PTH:

- Embed 'eom' tokens in PTH file. - Use embedded 'eom' tokens to not lazily generate them in the PTHLexer. This means that PTHLexer can always advance to the next token after reading a token (instead of buffering tokens using a copy). - Moved logic of 'ReadToken' into Lex. GetToken & ReadToken no longer exist. - These changes result in a 3.3% speedup (-Eonly) on Cocoa.h. - The code is a little gross. Many cleanups are possible and should be done. git-svn-id: https://llvm.org/svn/llvm-project/cfe/trunk@61360 91177308-0d34-0410-b5e6-96231b3b80d8
author: Ted Kremenek <kremenek@apple.com> 2008-12-23 01:30:52 +0000
committer: Ted Kremenek <kremenek@apple.com> 2008-12-23 01:30:52 +0000
commit: e5680f3cd678014cf0872d34726dc804b0cbbdd4 (patch)
tree: 5b9950de1461e2b7456082320fc5b304dab6b792 /lib/Lex/PTHLexer.cpp
parent: 2a7e58dc24b17b1cb900a1ee30ea328d665b1a64 (diff)
1 files changed, 92 insertions, 111 deletions
diff --git a/lib/Lex/PTHLexer.cpp b/lib/Lex/PTHLexer.cpp
index 6a6290f933..2c19fcd0d9 100644
--- a/lib/Lex/PTHLexer.cpp
+++ b/lib/Lex/PTHLexer.cpp
@@ -28,38 +28,64 @@ using namespace clang;
 
 #define DISK_TOKEN_SIZE (2+3*4)
 
+//===----------------------------------------------------------------------===//
+// Utility methods for reading from the mmap'ed PTH file.
+//===----------------------------------------------------------------------===//
+
+static inline uint8_t Read8(const char*& data) {
+  return (uint8_t) *(data++);
+}
+
+static inline uint32_t Read32(const char*& data) {
+  uint32_t V = (uint32_t) Read8(data);
+  V |= (((uint32_t) Read8(data)) << 8);
+  V |= (((uint32_t) Read8(data)) << 16);
+  V |= (((uint32_t) Read8(data)) << 24);
+  return V;
+}
+
+//===----------------------------------------------------------------------===//
+// PTHLexer methods.
+//===----------------------------------------------------------------------===//
+
 PTHLexer::PTHLexer(Preprocessor& pp, SourceLocation fileloc, const char* D,
                    const char* ppcond, PTHManager& PM)
   : PreprocessorLexer(&pp, fileloc), TokBuf(D), CurPtr(D), LastHashTokPtr(0),
-    PPCond(ppcond), CurPPCondPtr(ppcond), PTHMgr(PM), NeedsFetching(true) {
-    // Make sure the EofToken is completely clean.

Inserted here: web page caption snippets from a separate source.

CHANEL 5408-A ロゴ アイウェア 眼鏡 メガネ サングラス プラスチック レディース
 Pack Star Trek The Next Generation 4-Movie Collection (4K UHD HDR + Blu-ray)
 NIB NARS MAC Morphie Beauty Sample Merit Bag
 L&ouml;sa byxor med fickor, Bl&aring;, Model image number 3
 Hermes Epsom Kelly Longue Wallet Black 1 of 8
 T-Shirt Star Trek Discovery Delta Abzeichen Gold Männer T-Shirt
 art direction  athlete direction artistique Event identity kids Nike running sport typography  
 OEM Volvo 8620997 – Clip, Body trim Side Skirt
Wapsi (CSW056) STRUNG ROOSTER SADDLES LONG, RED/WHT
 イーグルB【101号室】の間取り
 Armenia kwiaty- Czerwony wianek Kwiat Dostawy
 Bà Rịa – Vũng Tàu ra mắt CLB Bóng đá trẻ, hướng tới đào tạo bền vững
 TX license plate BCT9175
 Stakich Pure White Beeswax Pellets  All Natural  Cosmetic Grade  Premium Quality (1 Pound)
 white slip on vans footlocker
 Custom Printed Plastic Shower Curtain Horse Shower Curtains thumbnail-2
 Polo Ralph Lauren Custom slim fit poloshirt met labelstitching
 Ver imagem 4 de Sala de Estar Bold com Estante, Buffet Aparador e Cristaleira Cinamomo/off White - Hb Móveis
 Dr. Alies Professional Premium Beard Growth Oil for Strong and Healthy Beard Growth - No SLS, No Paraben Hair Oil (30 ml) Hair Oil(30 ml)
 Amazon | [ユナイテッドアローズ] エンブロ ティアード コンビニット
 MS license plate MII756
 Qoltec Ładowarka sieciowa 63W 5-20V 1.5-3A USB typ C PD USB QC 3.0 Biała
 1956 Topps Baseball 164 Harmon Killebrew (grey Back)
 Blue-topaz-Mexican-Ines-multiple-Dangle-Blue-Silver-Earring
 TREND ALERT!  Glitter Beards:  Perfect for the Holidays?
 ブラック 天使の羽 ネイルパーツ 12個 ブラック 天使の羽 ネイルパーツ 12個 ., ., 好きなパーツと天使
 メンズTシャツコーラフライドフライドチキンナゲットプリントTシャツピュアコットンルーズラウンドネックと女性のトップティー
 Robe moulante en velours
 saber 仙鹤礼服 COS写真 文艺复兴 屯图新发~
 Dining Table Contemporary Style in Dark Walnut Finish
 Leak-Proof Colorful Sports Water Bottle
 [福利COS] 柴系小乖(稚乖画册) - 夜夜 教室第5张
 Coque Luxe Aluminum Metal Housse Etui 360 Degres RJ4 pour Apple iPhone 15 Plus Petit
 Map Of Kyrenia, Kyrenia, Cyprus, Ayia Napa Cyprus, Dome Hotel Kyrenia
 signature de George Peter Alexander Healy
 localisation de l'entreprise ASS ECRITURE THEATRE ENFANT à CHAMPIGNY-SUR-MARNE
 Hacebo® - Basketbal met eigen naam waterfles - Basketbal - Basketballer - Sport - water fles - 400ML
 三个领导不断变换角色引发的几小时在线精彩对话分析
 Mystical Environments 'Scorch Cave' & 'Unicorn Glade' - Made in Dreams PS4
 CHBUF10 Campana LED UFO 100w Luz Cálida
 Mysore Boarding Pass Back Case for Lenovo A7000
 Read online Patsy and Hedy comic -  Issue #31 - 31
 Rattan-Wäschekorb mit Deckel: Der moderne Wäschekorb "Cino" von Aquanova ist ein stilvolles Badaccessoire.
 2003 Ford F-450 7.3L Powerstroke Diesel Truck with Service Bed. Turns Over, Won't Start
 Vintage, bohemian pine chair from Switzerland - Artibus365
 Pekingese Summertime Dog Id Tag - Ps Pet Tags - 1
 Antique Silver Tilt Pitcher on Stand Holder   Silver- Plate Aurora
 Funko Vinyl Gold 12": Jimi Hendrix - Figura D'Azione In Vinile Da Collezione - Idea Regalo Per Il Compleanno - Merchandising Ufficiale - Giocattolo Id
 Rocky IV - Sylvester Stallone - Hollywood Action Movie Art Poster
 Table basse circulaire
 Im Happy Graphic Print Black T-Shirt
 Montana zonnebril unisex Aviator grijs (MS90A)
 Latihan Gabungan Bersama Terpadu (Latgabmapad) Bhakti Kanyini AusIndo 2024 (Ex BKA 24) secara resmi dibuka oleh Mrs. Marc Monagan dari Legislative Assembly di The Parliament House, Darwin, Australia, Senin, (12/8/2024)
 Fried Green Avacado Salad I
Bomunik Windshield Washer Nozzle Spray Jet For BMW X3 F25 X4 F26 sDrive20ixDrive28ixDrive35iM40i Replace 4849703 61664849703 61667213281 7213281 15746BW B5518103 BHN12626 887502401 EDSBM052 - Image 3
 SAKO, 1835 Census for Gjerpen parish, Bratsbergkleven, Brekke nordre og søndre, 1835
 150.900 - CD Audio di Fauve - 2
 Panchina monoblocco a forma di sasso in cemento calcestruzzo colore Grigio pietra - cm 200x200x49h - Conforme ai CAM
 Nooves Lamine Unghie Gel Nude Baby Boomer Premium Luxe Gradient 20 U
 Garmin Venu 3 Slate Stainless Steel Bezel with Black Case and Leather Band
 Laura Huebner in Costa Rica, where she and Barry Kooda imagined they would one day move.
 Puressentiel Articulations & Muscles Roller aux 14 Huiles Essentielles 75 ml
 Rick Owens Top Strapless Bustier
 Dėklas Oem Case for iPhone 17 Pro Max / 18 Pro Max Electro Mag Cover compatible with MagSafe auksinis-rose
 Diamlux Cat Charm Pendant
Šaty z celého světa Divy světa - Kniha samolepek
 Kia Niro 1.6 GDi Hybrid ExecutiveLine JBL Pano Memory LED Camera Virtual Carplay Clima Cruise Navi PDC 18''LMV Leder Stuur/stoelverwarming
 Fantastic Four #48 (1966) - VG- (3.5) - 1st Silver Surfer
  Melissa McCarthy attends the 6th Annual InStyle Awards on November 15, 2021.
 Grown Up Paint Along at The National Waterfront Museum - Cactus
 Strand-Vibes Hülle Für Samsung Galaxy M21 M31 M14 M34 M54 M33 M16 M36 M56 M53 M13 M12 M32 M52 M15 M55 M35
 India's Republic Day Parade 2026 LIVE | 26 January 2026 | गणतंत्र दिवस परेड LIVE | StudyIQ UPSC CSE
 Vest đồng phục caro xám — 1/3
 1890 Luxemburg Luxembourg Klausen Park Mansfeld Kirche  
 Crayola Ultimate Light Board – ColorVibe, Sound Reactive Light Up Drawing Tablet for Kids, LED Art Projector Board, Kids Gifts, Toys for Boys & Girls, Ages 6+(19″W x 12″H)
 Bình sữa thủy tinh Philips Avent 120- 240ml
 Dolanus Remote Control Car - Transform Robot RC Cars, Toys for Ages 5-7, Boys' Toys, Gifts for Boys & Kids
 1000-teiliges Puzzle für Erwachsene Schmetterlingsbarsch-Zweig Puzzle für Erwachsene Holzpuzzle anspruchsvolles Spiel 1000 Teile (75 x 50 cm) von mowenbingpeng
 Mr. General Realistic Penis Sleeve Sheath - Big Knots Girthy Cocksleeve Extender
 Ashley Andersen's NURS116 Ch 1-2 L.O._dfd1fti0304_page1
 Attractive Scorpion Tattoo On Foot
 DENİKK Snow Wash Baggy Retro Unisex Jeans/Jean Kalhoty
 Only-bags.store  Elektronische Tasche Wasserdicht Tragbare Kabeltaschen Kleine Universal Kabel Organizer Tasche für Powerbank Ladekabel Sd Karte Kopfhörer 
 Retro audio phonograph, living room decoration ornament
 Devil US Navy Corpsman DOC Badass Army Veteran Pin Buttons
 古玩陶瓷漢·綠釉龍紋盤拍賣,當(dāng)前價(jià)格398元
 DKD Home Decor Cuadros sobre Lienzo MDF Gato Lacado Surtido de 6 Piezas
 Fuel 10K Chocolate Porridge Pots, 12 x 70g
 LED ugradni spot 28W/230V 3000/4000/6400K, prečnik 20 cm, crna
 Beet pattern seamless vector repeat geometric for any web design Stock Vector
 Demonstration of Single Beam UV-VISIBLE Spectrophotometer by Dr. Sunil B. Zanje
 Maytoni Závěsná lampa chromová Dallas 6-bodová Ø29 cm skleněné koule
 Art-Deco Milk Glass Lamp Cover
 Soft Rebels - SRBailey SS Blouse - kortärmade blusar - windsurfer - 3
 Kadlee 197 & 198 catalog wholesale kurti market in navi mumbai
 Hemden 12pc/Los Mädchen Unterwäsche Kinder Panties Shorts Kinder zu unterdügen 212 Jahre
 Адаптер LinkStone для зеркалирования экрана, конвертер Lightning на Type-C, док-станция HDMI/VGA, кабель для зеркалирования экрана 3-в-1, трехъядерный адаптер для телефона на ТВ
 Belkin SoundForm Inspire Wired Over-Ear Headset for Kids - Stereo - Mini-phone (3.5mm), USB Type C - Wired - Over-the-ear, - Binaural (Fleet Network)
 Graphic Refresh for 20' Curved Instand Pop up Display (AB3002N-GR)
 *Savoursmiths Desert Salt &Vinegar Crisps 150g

-    EofToken.startToken();
-  }
+    PPCond(ppcond), CurPPCondPtr(ppcond), PTHMgr(PM) {}
 
-Token PTHLexer::GetToken() {
-  // Read the next token, or if we haven't advanced yet, get the last
-  // token read.
-  if (NeedsFetching) {
-    NeedsFetching = false;
-    ReadToken(LastFetched);
-  }
+void PTHLexer::Lex(Token& Tok) {
+LexNextToken:
+  
+  // Read the token.
+  // FIXME: Setting the flags directly should obviate this step.
+  Tok.startToken();
   
-  Token Tok = LastFetched;
+  // Shadow CurPtr into an automatic variable so that Read8 doesn't load and
+  // store back into the instance variable.
+  const char *CurPtrShadow = CurPtr;
   
-  // If we are in raw mode, zero out identifier pointers.  This is
-  // needed for 'pragma poison'.  Note that this requires that the Preprocessor
-  // can go back to the original source when it calls getSpelling().
-  if (LexingRawMode && Tok.is(tok::identifier))
-    Tok.setIdentifierInfo(0);
+  // Read the type of the token.
+  Tok.setKind((tok::TokenKind) Read8(CurPtrShadow));
+  
+  // Set flags.  This is gross, since we are really setting multiple flags.
+  Tok.setFlag((Token::TokenFlags) Read8(CurPtrShadow));
+  
+  // Set the IdentifierInfo* (if any).
+  Tok.setIdentifierInfo(PTHMgr.ReadIdentifierInfo(CurPtrShadow));
+  
+  // Set the SourceLocation.  Since all tokens are constructed using a
+  // raw lexer, they will all be offseted from the same FileID.
+  Tok.setLocation(SourceLocation::getFileLoc(FileID, Read32(CurPtrShadow)));
+  
+  // Finally, read and set the length of the token.
+  Tok.setLength(Read32(CurPtrShadow));
 
-  return Tok;
-}
+  CurPtr = CurPtrShadow;
 
-void PTHLexer::Lex(Token& Tok) {
-LexNextToken:
-  Tok = GetToken();
-  
-  if (AtLastToken()) {
+  if (Tok.is(tok::eof)) {
+    // Save the end-of-file token.
+    EofToken = Tok;
+    
     Preprocessor *PPCache = PP;
 
     if (LexEndOfFile(Tok))
@@ -68,19 +94,28 @@ LexNextToken:
     assert(PPCache && "Raw buffer::LexEndOfFile should return a token");
     return PPCache->Lex(Tok);
   }
+
+  MIOpt.ReadToken();
   
-  // Don't advance to the next token yet.  Check if we are at the
-  // start of a new line and we're processing a directive.  If so, we
-  // consume this token twice, once as an tok::eom.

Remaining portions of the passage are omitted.